Random variables can also map outcomes to complex numbers. For a complex random variable $X$, the real ($\Re(X)$) and imaginary ($\Im(X)$) components are each real valued random variables. We can generalize the CDF to complex random variables to be a mapping from $\mathbb{C} \longrightarrow [0,1]$
$$ F_X(x) = P(\Re(X) \leq \Re(x), \Im(X) \leq \Im(x))$$Just like real random variables when the distribution is absolutely continuous, we can find the density by differentiating
$$f_X(x+iy) = \frac{\partial^2}{\partial x \partial y} P(\Re(X) \leq x, \Im(X) \leq y) $$The expectation of a complex random variable can be complex valued
$$\mathbb{E}[X] = \mathbb{E}[\Re(X)] + i \mathbb{E}[\Im(X)]$$The variance of a complex random variable, however, is still a measure of spread and thus must be real valued.
$$ Var(X) = \mathbb{E}[|X|^2] - |\mathbb{E}[X]|^2$$$$SD(X) = \sqrt{Var(X)}$$The covariance between two complex random variables is defined to be
$$Cov(X,Y) = \mathbb{E}[X \overline{Y}] - E[X] \mathbb{E}[\overline{Y}]$$Note that it is still true that $Var(X) = Cov(X,X)$
A random variable $X$ is normal if the joint distribution $(\Re(X), \Im(X))$ is multivariate normal.
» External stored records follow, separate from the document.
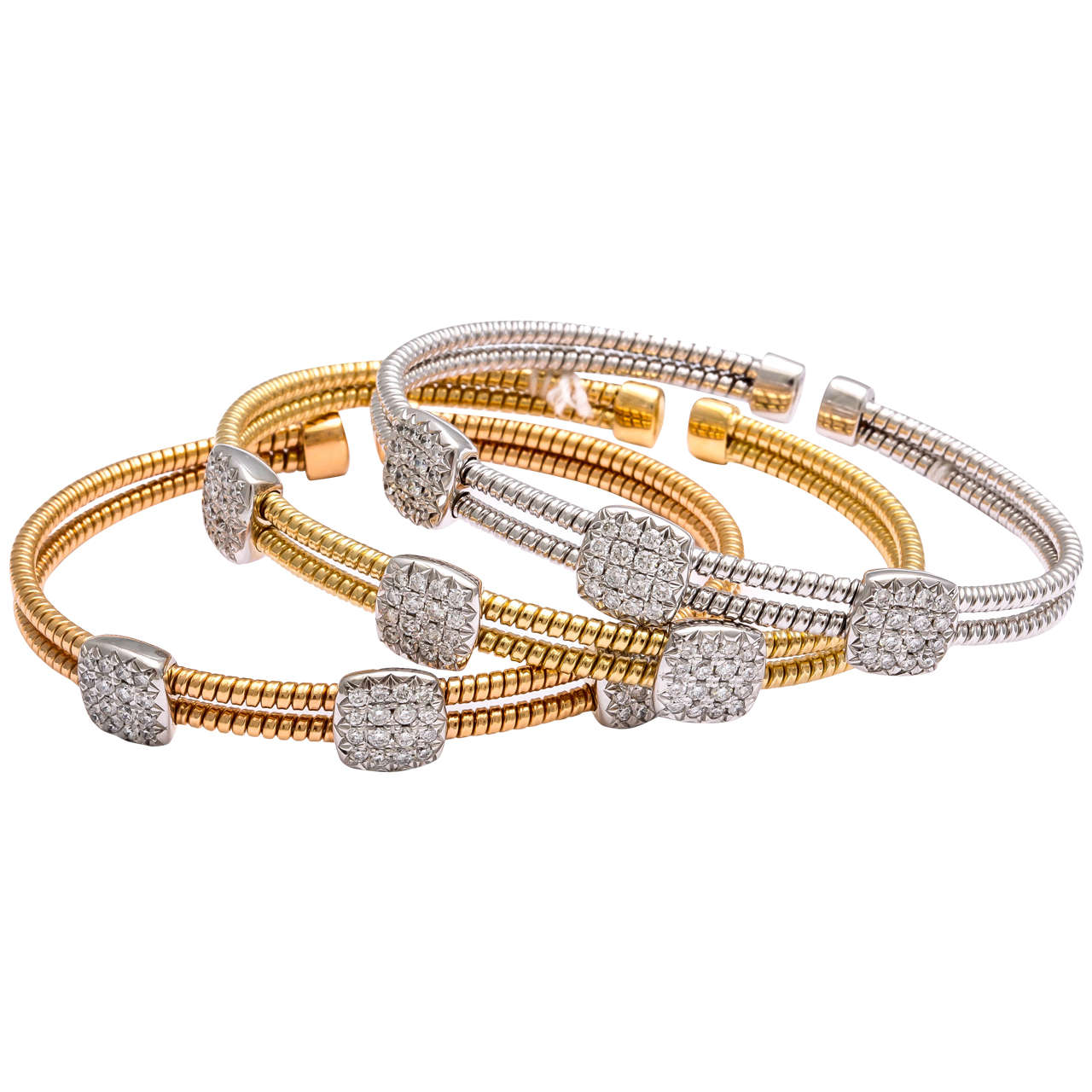 Set of Diamond and Gold Bangles For Sale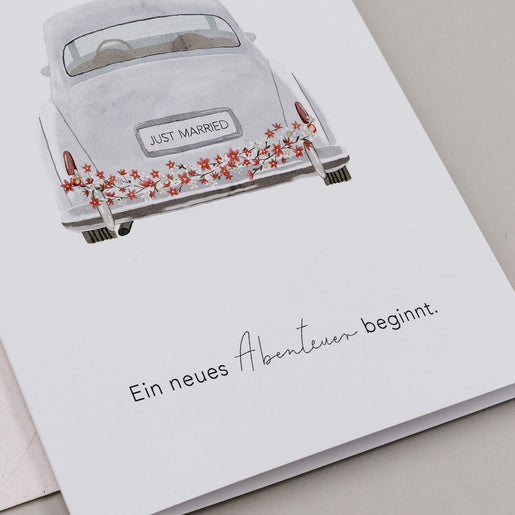 Klappkarte Hochzeitsauto (VE = 10 Stk.)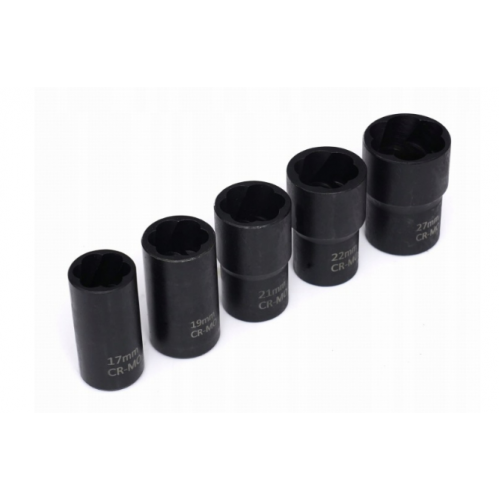 Uzgaļi mehāniski apstrādātu skrūvju izskrūvēšanai, 6 gab., 17–27 mm + kaste Kraft&dele (KD11791)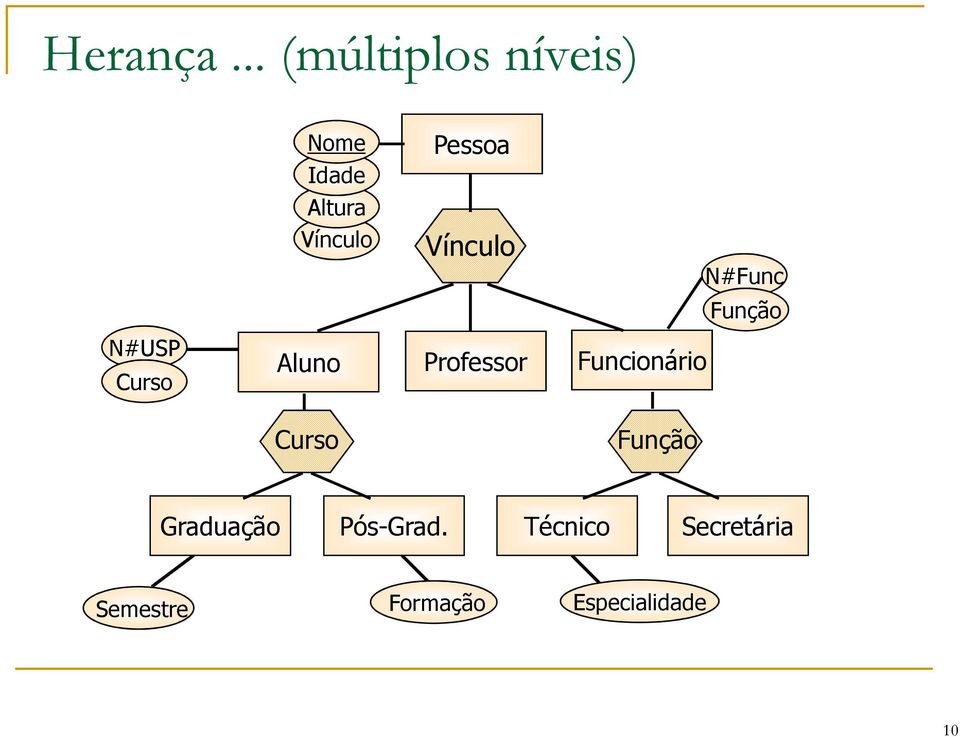 Vínculo Pessoa Vínculo Aluno Professor Funcionário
If $X$ is a complex normal random variable, we done its distribution as
$$X \sim N_{\mathbb{C}}(\mu, \sigma^2) $$where $\mu \in \mathbb{C}$ and $\sigma^2 \in \mathbb{R}$. A special case for this notation will be for the complex standard normal which will be denoted as $N(0, 1_{\mathbb{C}})$.